Photo by Glenn Oakley

First Fish

WHEN MY WIFE AND I CRESTED THE FINAL mound of trail approaching Gneiss Lake in Montana’s Tobacco Root Mountains, the beauty of the jagged granite walls briefly halted us. Below, concentric circles of slow-rising cutthroat trout pocked Gneiss’ surface, and the click-clack of bounding mountain goats punctuated the silence. “This,” I thought, “is the genuine experience of fishing the high country in Montana. It’s authentic, the real deal.”

Turns out, though, not so much.

Upper Twin Lake, in the Wisconsin Creek drainage of the Tobacco Roots, hosts stocked westslope cutthroat trout. Photo by Joshua Bergan

By the time we fished Gneiss, I had done enough research for my book, The Flyfisher’s Guide to Southwest Montana’s Mountain Lakes, to know that much of what presented itself as untouched was anything but. Very few of the fish we had cast to (and some of the lakes themselves) had occurred there naturally. Over the summers and miles of trails it took to research and write the book, I had grown increasingly curious: How many of the Northern Rockies’ lake-dwelling alpine trout had gotten there on their own?

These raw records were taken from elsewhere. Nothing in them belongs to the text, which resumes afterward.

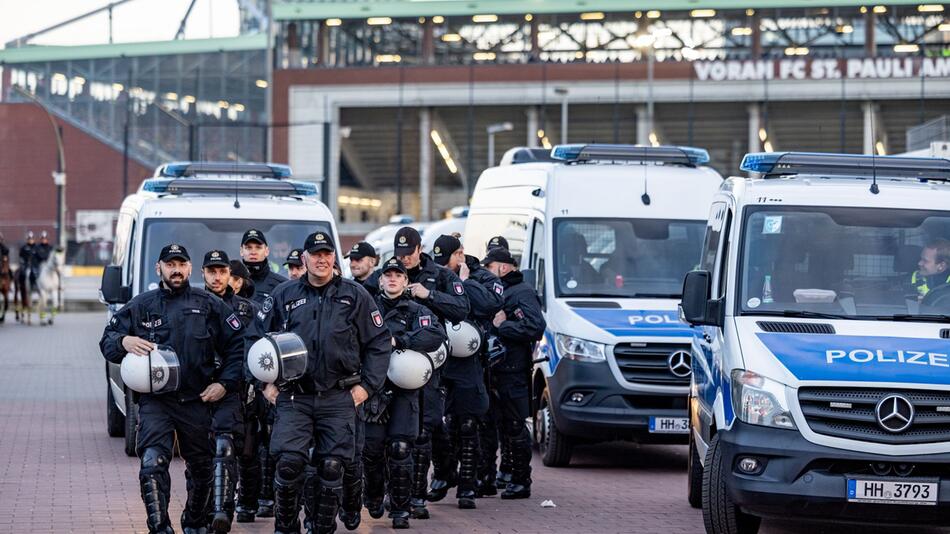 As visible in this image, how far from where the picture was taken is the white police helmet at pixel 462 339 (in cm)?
1117

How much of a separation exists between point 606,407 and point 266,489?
3.84 meters

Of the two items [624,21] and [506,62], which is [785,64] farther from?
[506,62]

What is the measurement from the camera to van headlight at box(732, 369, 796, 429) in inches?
348

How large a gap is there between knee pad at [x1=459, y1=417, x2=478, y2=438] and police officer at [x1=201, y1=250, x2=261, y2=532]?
1.56 metres

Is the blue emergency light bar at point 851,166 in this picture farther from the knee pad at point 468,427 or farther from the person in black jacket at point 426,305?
the knee pad at point 468,427

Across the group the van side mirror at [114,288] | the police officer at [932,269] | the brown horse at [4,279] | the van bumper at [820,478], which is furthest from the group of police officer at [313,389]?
the brown horse at [4,279]

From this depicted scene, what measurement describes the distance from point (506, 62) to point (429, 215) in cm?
718

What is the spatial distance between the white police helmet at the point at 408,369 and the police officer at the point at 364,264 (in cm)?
78

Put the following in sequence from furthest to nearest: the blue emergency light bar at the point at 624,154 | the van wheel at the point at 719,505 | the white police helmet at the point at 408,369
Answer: the blue emergency light bar at the point at 624,154 → the white police helmet at the point at 408,369 → the van wheel at the point at 719,505

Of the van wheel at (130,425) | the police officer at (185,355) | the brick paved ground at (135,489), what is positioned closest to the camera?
the police officer at (185,355)

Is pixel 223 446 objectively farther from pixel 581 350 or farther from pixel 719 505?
pixel 581 350

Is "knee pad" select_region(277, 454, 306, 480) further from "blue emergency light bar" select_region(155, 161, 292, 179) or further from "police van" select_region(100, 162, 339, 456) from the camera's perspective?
Answer: "blue emergency light bar" select_region(155, 161, 292, 179)

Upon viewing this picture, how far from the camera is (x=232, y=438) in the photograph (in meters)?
9.81

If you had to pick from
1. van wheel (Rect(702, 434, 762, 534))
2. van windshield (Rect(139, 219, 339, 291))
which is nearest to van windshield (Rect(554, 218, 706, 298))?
van windshield (Rect(139, 219, 339, 291)) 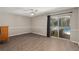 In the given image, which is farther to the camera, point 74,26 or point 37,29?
point 37,29

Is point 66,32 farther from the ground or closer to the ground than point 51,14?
closer to the ground

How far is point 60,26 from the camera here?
4.35 metres

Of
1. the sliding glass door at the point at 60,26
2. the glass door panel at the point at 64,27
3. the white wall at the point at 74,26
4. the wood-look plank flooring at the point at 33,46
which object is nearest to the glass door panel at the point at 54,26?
the sliding glass door at the point at 60,26

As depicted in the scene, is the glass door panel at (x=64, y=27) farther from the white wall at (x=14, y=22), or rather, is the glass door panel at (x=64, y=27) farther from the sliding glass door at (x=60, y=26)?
the white wall at (x=14, y=22)

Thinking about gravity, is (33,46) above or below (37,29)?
below

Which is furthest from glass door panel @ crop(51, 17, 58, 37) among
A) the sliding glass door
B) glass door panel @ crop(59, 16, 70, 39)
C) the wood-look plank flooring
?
the wood-look plank flooring

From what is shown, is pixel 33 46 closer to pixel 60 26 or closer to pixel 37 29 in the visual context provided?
pixel 37 29

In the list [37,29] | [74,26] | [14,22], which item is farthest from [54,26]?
[14,22]

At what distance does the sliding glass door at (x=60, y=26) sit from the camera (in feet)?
13.2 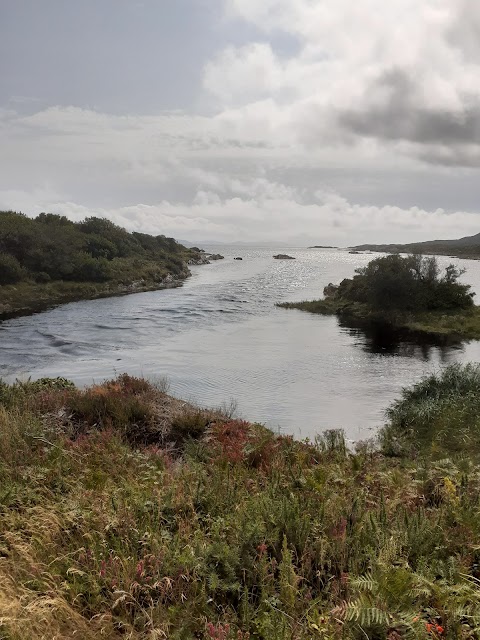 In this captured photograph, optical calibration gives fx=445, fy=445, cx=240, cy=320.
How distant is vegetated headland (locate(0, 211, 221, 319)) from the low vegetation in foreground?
34786 mm

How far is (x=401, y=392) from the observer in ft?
60.6

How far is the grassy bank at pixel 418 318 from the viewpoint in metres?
33.5

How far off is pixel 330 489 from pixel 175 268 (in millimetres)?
77716

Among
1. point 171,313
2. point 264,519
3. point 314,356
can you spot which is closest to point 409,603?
point 264,519

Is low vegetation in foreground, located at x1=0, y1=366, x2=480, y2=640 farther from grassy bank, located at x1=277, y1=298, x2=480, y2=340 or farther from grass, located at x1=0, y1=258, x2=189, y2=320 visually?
grass, located at x1=0, y1=258, x2=189, y2=320

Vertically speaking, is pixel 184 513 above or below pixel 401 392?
above

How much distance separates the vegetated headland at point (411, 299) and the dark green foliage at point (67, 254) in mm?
31744

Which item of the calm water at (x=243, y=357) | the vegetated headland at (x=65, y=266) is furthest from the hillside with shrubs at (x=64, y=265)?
the calm water at (x=243, y=357)

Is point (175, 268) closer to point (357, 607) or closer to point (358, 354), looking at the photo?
point (358, 354)

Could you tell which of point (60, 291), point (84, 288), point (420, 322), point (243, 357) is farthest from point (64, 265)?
point (420, 322)

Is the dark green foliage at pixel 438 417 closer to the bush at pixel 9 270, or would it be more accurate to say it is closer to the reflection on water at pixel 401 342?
the reflection on water at pixel 401 342

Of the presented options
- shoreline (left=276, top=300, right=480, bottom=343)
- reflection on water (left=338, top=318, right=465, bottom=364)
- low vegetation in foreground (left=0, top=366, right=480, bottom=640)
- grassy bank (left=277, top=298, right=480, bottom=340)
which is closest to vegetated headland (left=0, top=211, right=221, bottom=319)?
grassy bank (left=277, top=298, right=480, bottom=340)

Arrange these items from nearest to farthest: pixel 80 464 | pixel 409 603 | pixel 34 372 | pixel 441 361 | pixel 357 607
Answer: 1. pixel 357 607
2. pixel 409 603
3. pixel 80 464
4. pixel 34 372
5. pixel 441 361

I reached out to a number of fisheries biologists, rummaged through myriad books and scholarly articles, and Googled until my fingers were numb looking for answers. Data was scarce, but I was able to cobble together enough to realize that much of the highland angler’s experience did, in fact, take place in an environment that had been altered.

Trout first colonized the Northern Rockies during the most recent Ice Age, which ended roughly 12,000 years ago. The ice sheets and glaciers created torrents of flowing water that allowed bull trout, cutthroat, and rainbow trout to migrate inland from the Pacific Ocean. During that time, the Northern Rockies were a stew of ice and lava. Once these fish had gotten roughly to where there are today (rainbows had only gotten as far as the Kootenai drainage), our current drainages and divides finalized, isolating these fish till they became the populations and strains we know today.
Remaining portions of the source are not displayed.